05 Feb Mexico City – Food and Ruins on a budget
When you think of Mexico City do you think of violence, cartels, murders, and just danger in general?
Well, stop it. Mexico City gets a bad rap, but just like in any other city, there is danger. Keeping alert and aware of your surroundings is enough to keep yourself safe in Mexico’s largest city.
If you haven’t been here just out of fear alone, you are missing out. This was my second visit to Mexico City, and it is now it is one of my favorite cities in the world. Not only is this a budget travelers paradise, but you will be deeply engulfed in Mexican culture in this capital city more than you would in a tourist laden resort town.
Mexico City is huge, like epic huge. There are 20 million people living here and as you start to approach the airport from the sky all you can see from the window are houses on houses on houses. Direct flights from the US are as little as $175 – $350. I bought a one way ticket from Orlando and with tax the ticket on Volaris was $159. This is also a noisy city, so bring earplugs.
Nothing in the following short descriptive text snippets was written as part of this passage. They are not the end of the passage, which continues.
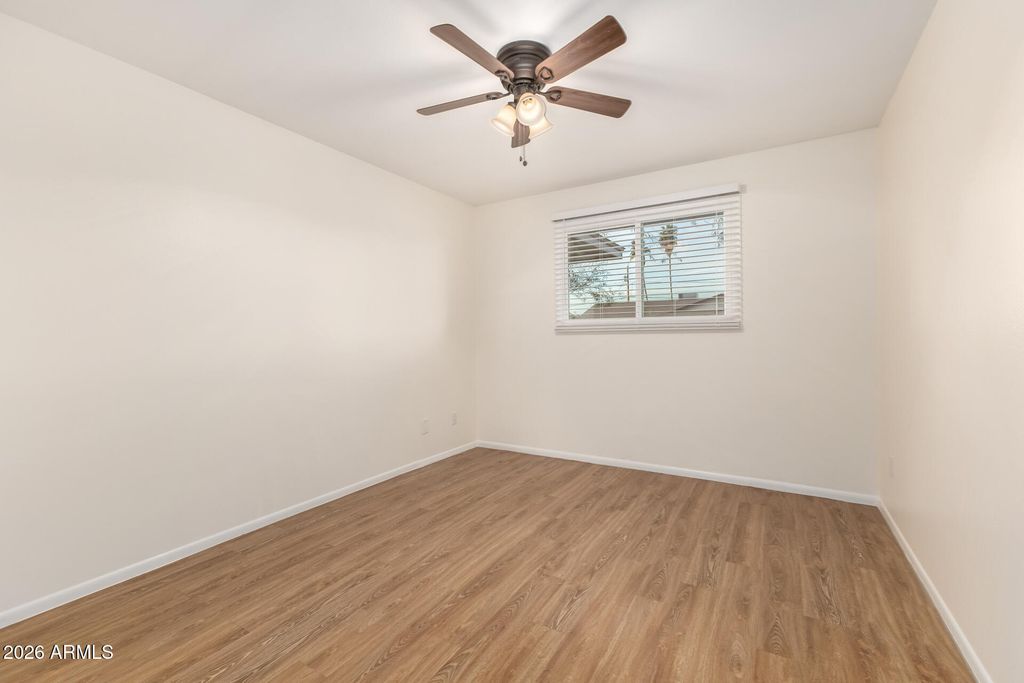 Image 27 of property listing at 1233 E BROADMOR Drive, Tempe, AZ 85282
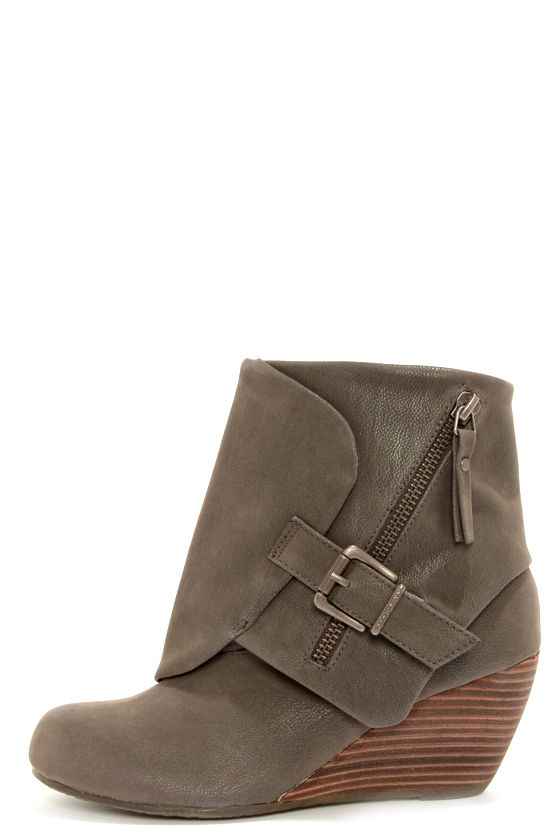 blowfish wedge booties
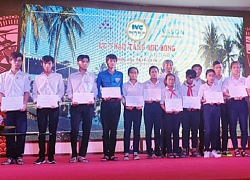 Khánh Hòa: Trao học bổng cho học sinh vượt khó, học giỏi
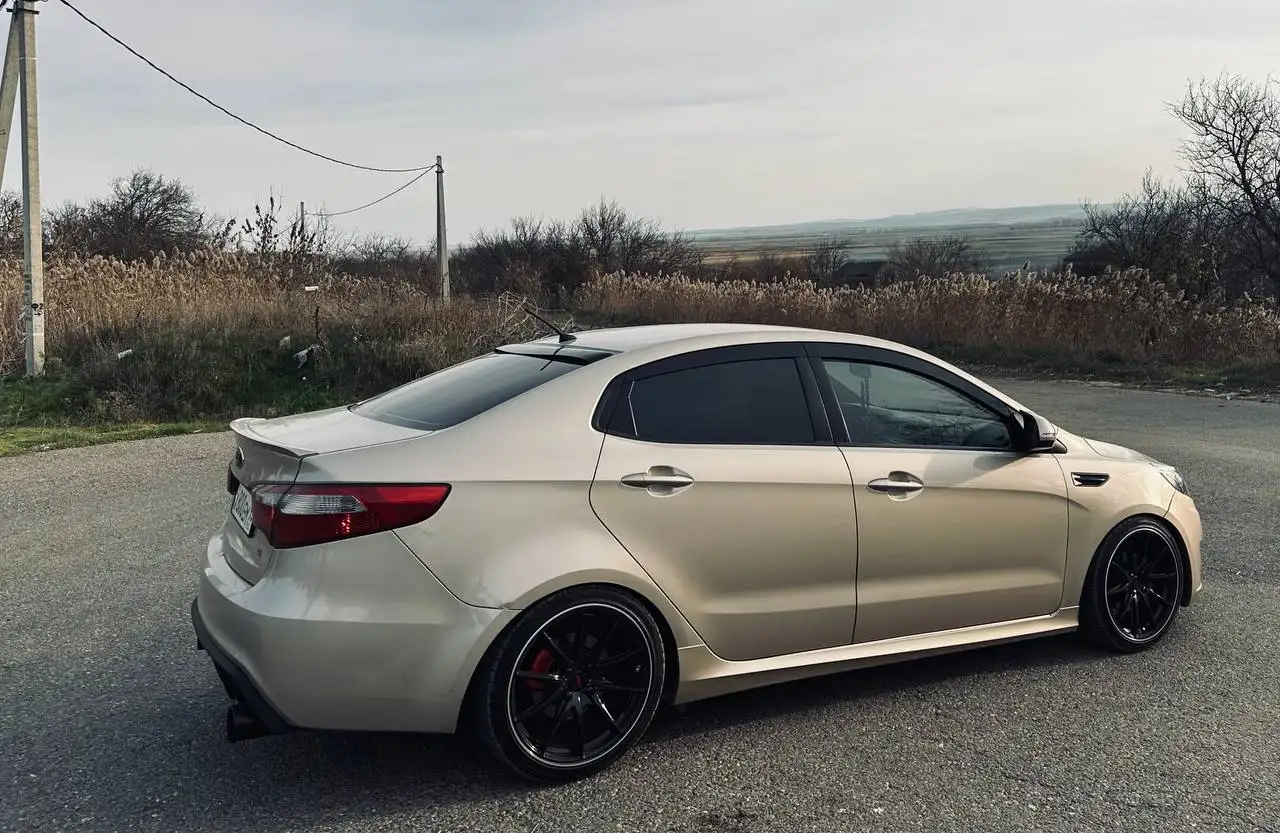 Продажа Киа Рио 3 2013 года - Легковые автомобили (Авто) в Темрюк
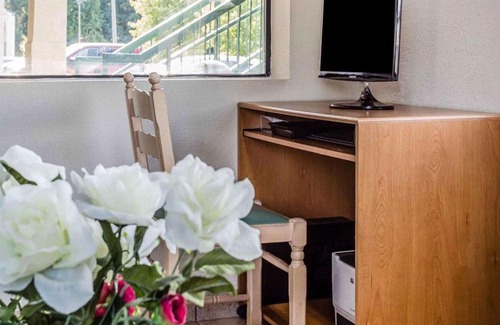 Stockbridge Hotel | Quality Inn & Suites Stockbridge Atlanta South I-75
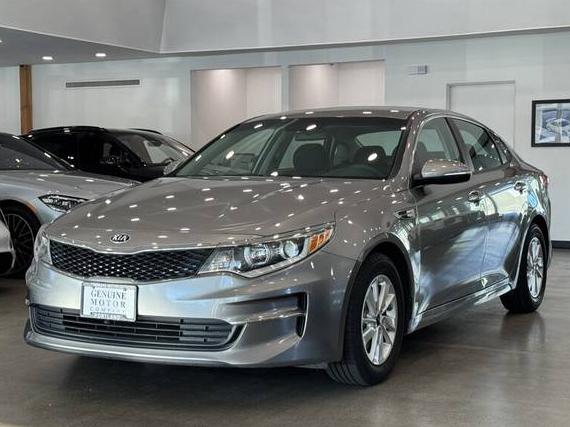 KIA OPTIMA 2018 5XXGT4L31JG183931 image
Due to it’s size, there is something for everyone. From art, to ruins, to unlimited amounts of food, festivals, museums, history, there is absolutely no shortage of things to see and do here. This is definitely not a boring, sleepy city, it is the polar opposite, it’s alive and thriving.
It’s way affordable. You can get dinner for around $6, and a two liter bottle of water will only set you back about $.50. If you are on a super budget, you can get street food from $.75 – $2. These tacos were $1.32.
Raise your hand if you like Mexican food! The food is legit the best in Mexico city, way better than in Cancun. I go ham when I am in Mexico eating everything I can shove into my face. And then I complain about having a ‘weight problem.’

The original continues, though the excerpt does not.